== MATERIAL FOR THIS EXERCISE ==

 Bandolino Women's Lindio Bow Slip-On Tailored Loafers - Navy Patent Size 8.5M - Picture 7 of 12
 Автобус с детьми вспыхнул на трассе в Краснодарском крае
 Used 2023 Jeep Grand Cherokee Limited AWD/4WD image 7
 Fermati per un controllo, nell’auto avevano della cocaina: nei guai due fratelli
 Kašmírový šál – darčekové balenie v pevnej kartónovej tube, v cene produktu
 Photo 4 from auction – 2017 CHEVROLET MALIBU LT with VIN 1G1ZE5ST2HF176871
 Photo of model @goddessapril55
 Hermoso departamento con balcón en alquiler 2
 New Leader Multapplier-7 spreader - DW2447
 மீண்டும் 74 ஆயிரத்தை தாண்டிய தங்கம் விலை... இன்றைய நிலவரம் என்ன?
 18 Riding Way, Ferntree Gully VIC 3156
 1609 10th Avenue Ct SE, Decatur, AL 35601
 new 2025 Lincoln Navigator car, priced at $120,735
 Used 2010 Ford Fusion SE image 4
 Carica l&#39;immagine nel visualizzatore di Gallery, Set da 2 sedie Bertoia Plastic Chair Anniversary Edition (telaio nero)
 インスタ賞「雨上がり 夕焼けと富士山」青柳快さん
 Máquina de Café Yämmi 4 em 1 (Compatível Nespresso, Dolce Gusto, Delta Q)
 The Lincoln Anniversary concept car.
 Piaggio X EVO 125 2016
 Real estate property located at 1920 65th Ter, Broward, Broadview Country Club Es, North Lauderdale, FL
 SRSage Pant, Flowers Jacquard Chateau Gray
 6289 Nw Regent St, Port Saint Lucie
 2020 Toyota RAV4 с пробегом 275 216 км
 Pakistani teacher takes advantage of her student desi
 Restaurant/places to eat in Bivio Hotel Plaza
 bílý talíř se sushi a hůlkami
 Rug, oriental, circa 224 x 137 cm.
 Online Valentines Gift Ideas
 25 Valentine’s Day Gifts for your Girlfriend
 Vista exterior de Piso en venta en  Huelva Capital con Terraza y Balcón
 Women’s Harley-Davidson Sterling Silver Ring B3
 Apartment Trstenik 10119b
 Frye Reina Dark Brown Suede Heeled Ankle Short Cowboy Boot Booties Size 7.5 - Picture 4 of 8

===

Only the line containing "Used 2010 Ford Fusion SE image 4" and the lines after it, through the end of the data, should be copied, exactly as they are.

 Used 2010 Ford Fusion SE image 4
 Carica l&#39;immagine nel visualizzatore di Gallery, Set da 2 sedie Bertoia Plastic Chair Anniversary Edition (telaio nero)
 インスタ賞「雨上がり 夕焼けと富士山」青柳快さん
 Máquina de Café Yämmi 4 em 1 (Compatível Nespresso, Dolce Gusto, Delta Q)
 The Lincoln Anniversary concept car.
 Piaggio X EVO 125 2016
 Real estate property located at 1920 65th Ter, Broward, Broadview Country Club Es, North Lauderdale, FL
 SRSage Pant, Flowers Jacquard Chateau Gray
 6289 Nw Regent St, Port Saint Lucie
 2020 Toyota RAV4 с пробегом 275 216 км
 Pakistani teacher takes advantage of her student desi
 Restaurant/places to eat in Bivio Hotel Plaza
 bílý talíř se sushi a hůlkami
 Rug, oriental, circa 224 x 137 cm.
 Online Valentines Gift Ideas
 25 Valentine’s Day Gifts for your Girlfriend
 Vista exterior de Piso en venta en  Huelva Capital con Terraza y Balcón
 Women’s Harley-Davidson Sterling Silver Ring B3
 Apartment Trstenik 10119b
 Frye Reina Dark Brown Suede Heeled Ankle Short Cowboy Boot Booties Size 7.5 - Picture 4 of 8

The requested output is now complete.